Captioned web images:
....

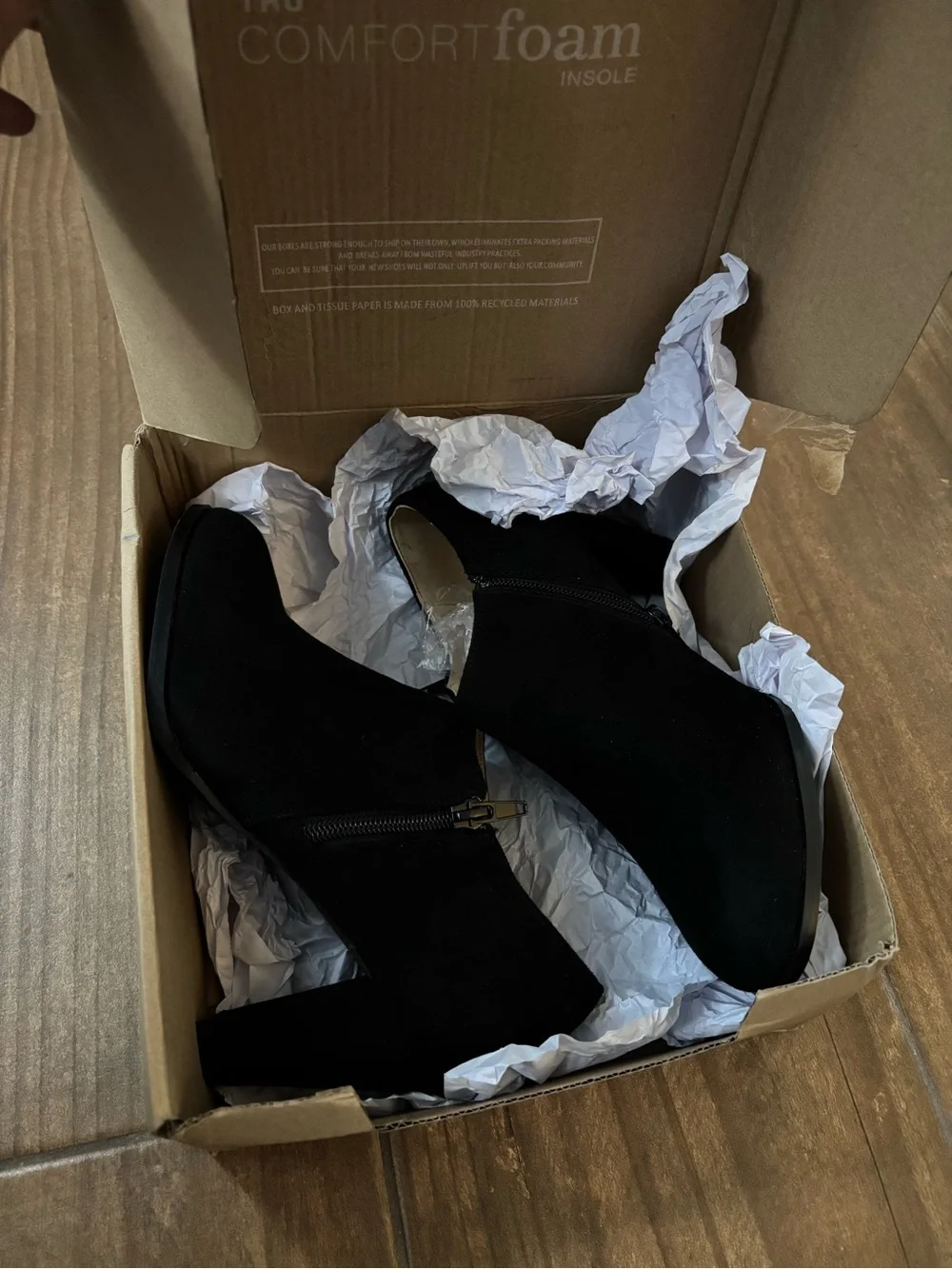 Journee Collection chic black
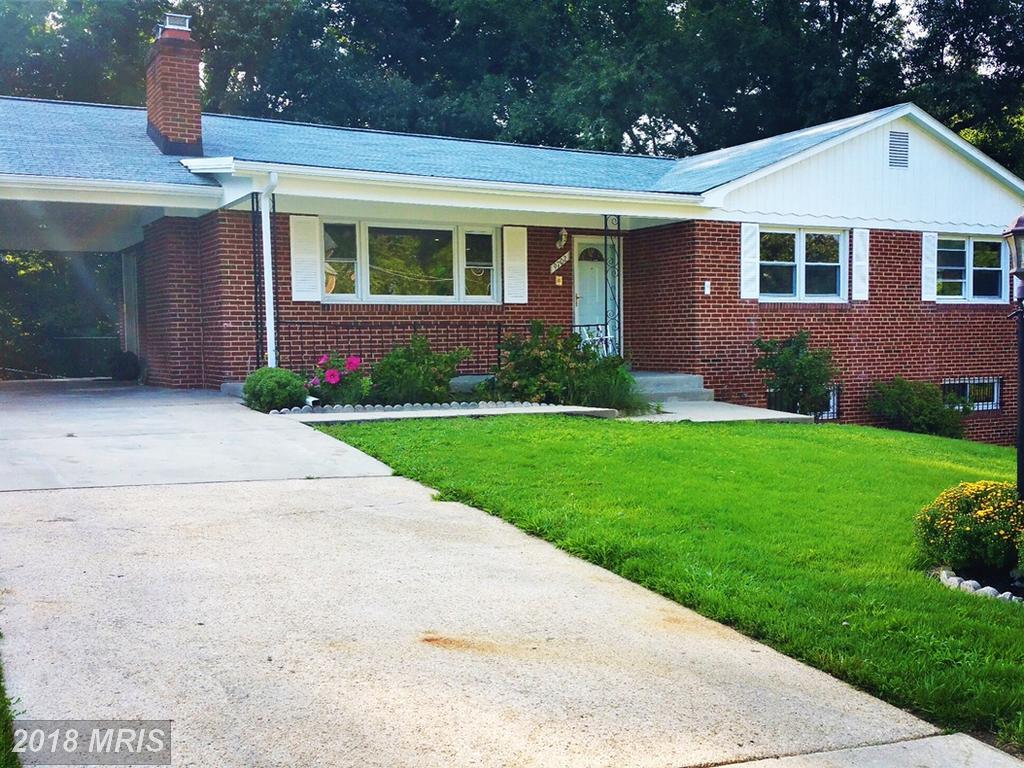 9702 Beverly Avenue - Photo 1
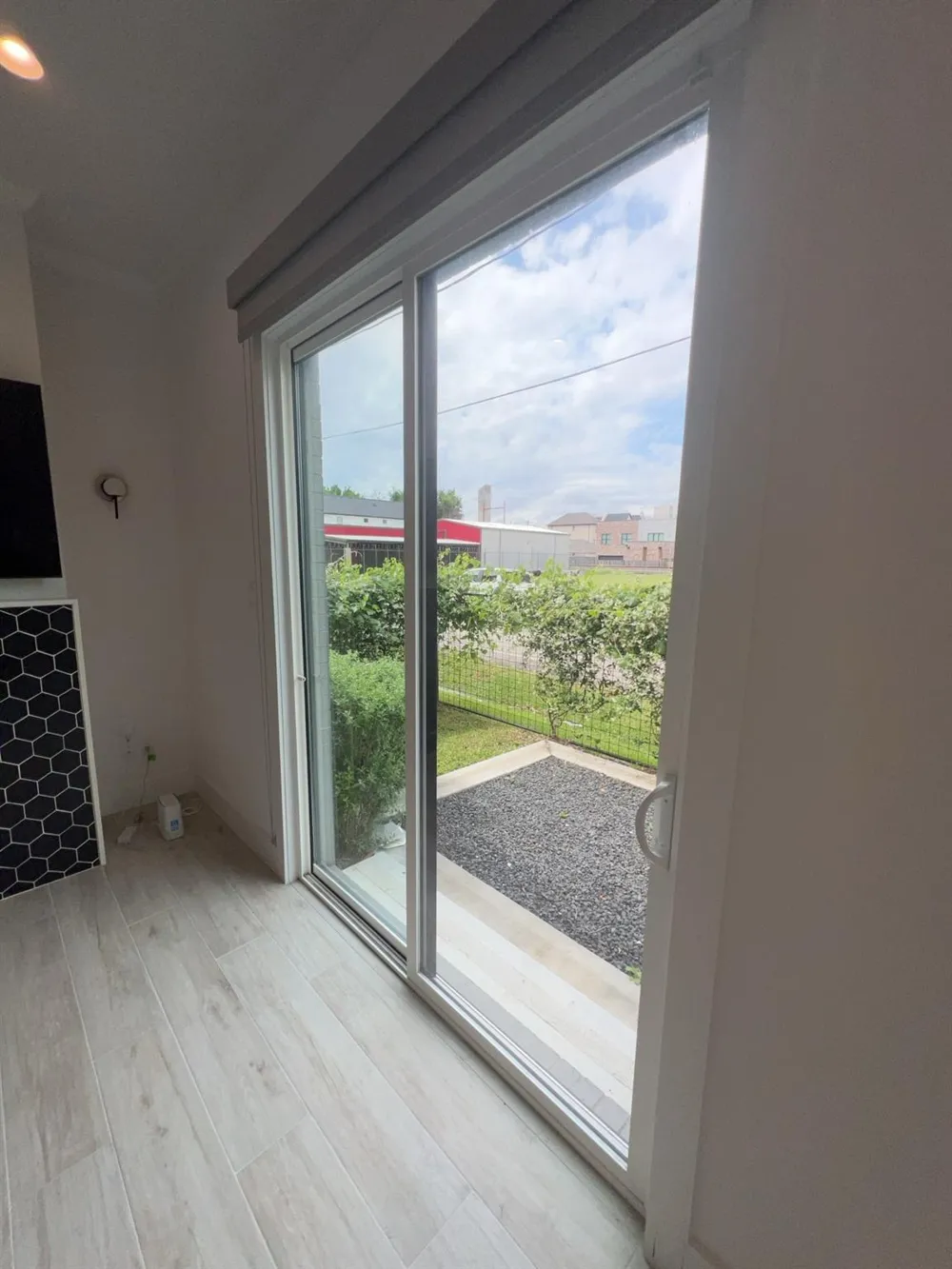 1423 Holly Street Houston, TX 77007
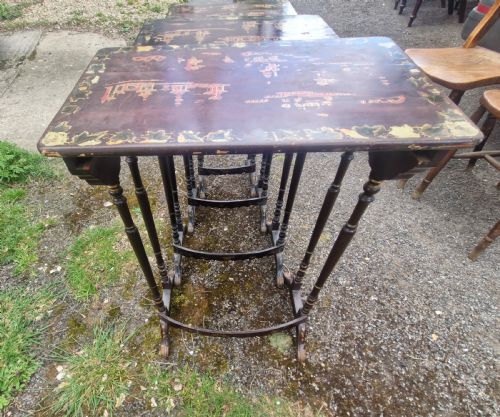NEST OF 4 LACQUERED OCCASIONAL TABLES - ADDITIONAL PHOTO 6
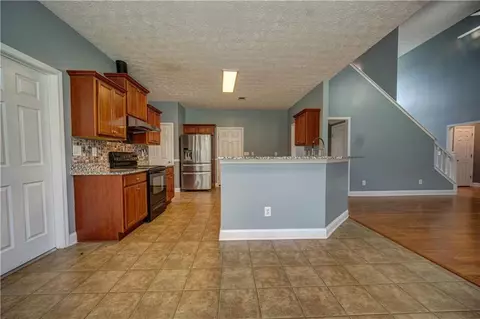 Kitchen - 249 Hedgewood Dr, Hampton, GA 30228 photo 6 of 7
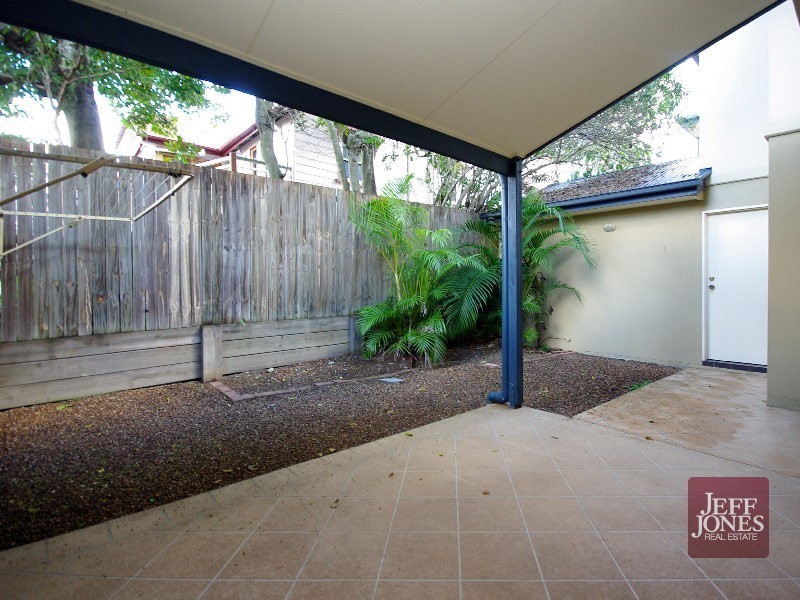 2/105 Kirkland Avenue, Coorparoo QLD 4151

....

DIRECTIONS FOR THIS TASK:
Write out the records once more, word for word, though without the pictures they contain.

WRITTEN RESPONSE:
 Journee Collection chic black
 9702 Beverly Avenue - Photo 1
 1423 Holly Street Houston, TX 77007
NEST OF 4 LACQUERED OCCASIONAL TABLES - ADDITIONAL PHOTO 6
 Kitchen - 249 Hedgewood Dr, Hampton, GA 30228 photo 6 of 7
 2/105 Kirkland Avenue, Coorparoo QLD 4151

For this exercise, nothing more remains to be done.